- **EXERCISE REQUIREMENTS**:
Only the lines from the one with "Teamarbeit: Junge Menschen" through the last line of the records below belong in your answer, reproduced exactly and with the pictures left out.

Caption-style text data:
== Segment start ==
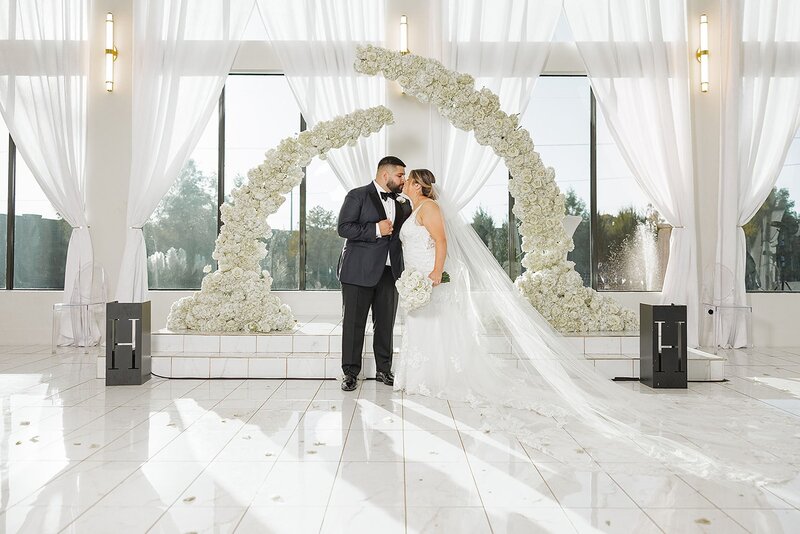 Bride and groom under white floral wedding arch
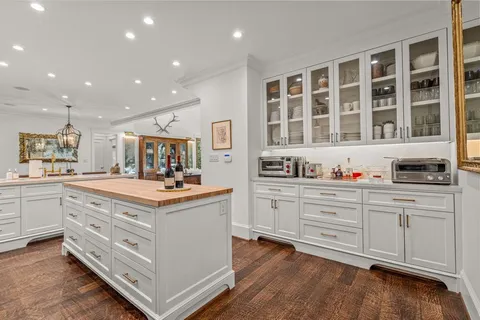 a kitchen with stainless steel appliances granite countertop a stove and cabinets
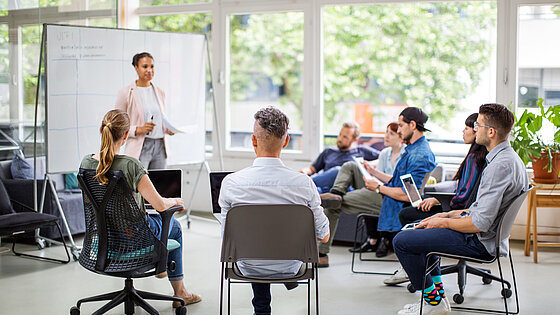 Teamarbeit: Junge Menschen im Stuhlkreis bei Präsentation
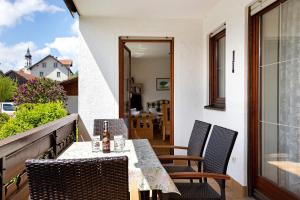 a patio with a table and chairs on a balcony at Haus Grüntensee in Wertach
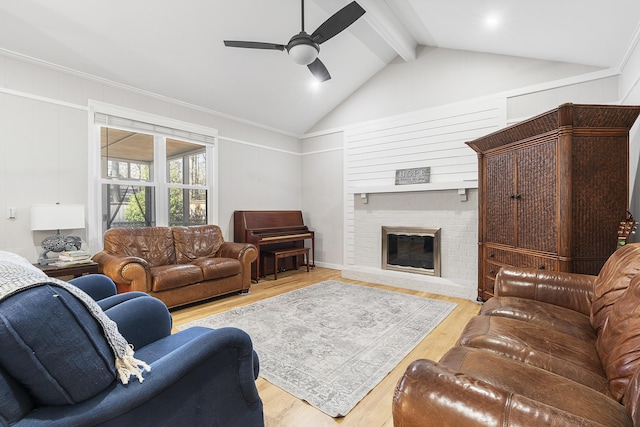 living room featuring a brick fireplace, vaulted ceiling with beams, ceiling fan, and wood finished floors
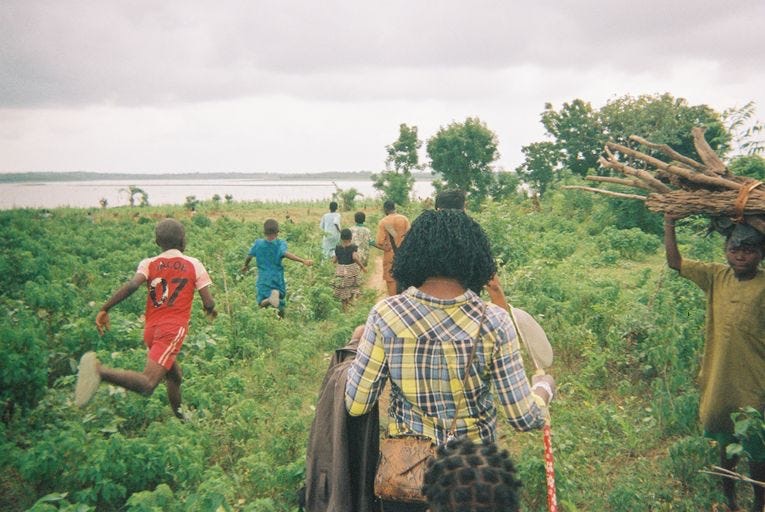 A group of researchers and community members walking a dirt path toward a river through green brush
== Segment end ==
- **YOUR SOLUTION**:
 Teamarbeit: Junge Menschen im Stuhlkreis bei Präsentation
 a patio with a table and chairs on a balcony at Haus Grüntensee in Wertach
 living room featuring a brick fireplace, vaulted ceiling with beams, ceiling fan, and wood finished floors
 A group of researchers and community members walking a dirt path toward a river through green brush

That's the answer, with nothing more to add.